TASK REQUIREMENTS :: From the entries below, retype only the lines from the one with "Did you know" through the one with "You'll be able to create", exactly as written.

• • •

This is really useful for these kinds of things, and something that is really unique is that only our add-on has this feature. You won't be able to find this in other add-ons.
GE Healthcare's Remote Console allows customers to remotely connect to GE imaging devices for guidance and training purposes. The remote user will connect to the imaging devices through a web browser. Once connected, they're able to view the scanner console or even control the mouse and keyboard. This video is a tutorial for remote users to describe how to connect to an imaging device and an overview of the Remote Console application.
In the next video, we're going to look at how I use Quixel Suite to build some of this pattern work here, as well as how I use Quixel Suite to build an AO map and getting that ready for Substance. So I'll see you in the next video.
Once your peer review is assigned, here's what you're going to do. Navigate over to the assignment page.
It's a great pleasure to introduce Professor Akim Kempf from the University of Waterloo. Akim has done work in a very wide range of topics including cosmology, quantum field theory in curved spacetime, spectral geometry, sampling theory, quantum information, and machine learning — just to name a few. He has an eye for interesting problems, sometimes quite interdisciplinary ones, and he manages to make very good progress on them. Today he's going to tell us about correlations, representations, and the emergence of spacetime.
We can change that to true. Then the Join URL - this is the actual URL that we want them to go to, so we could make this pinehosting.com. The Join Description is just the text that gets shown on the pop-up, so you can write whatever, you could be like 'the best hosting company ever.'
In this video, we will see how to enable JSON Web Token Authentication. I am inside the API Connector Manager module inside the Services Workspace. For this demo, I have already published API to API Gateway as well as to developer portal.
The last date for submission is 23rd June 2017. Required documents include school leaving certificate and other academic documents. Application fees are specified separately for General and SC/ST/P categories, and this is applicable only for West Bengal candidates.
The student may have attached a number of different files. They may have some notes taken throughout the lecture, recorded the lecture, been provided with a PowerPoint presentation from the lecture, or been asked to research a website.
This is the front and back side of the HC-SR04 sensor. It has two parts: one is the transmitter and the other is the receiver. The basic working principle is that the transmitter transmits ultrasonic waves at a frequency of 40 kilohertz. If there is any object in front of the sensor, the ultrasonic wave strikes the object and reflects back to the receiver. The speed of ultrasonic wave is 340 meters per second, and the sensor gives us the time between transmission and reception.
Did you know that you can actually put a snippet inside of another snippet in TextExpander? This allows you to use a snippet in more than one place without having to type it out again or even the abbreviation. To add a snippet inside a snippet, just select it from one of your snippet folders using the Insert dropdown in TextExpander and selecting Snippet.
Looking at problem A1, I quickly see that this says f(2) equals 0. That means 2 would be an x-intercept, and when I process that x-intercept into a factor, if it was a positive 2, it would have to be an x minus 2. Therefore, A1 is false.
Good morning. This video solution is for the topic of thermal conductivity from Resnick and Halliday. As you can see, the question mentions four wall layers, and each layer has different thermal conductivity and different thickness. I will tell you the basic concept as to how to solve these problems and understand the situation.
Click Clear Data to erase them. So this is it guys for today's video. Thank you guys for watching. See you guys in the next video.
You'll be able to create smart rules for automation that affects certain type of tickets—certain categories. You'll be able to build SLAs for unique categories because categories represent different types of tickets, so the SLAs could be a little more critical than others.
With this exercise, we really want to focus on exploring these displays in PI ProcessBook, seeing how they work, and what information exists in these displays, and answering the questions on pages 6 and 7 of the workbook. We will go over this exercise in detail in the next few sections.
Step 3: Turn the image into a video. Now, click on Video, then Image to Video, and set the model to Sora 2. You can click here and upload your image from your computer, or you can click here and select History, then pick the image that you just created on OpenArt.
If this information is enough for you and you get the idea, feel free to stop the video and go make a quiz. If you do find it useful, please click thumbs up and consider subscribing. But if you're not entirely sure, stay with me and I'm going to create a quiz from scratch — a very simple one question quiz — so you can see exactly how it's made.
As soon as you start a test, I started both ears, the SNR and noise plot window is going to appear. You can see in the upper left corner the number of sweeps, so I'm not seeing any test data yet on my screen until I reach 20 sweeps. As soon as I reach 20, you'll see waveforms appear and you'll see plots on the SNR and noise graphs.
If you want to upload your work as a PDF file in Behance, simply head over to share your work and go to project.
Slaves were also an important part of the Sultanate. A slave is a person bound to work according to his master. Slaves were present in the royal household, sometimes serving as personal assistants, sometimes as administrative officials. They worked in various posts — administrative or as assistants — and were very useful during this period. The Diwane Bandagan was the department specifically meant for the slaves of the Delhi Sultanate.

• • •

RESULT ::
Did you know that you can actually put a snippet inside of another snippet in TextExpander? This allows you to use a snippet in more than one place without having to type it out again or even the abbreviation. To add a snippet inside a snippet, just select it from one of your snippet folders using the Insert dropdown in TextExpander and selecting Snippet.
Looking at problem A1, I quickly see that this says f(2) equals 0. That means 2 would be an x-intercept, and when I process that x-intercept into a factor, if it was a positive 2, it would have to be an x minus 2. Therefore, A1 is false.
Good morning. This video solution is for the topic of thermal conductivity from Resnick and Halliday. As you can see, the question mentions four wall layers, and each layer has different thermal conductivity and different thickness. I will tell you the basic concept as to how to solve these problems and understand the situation.
Click Clear Data to erase them. So this is it guys for today's video. Thank you guys for watching. See you guys in the next video.
You'll be able to create smart rules for automation that affects certain type of tickets—certain categories. You'll be able to build SLAs for unique categories because categories represent different types of tickets, so the SLAs could be a little more critical than others.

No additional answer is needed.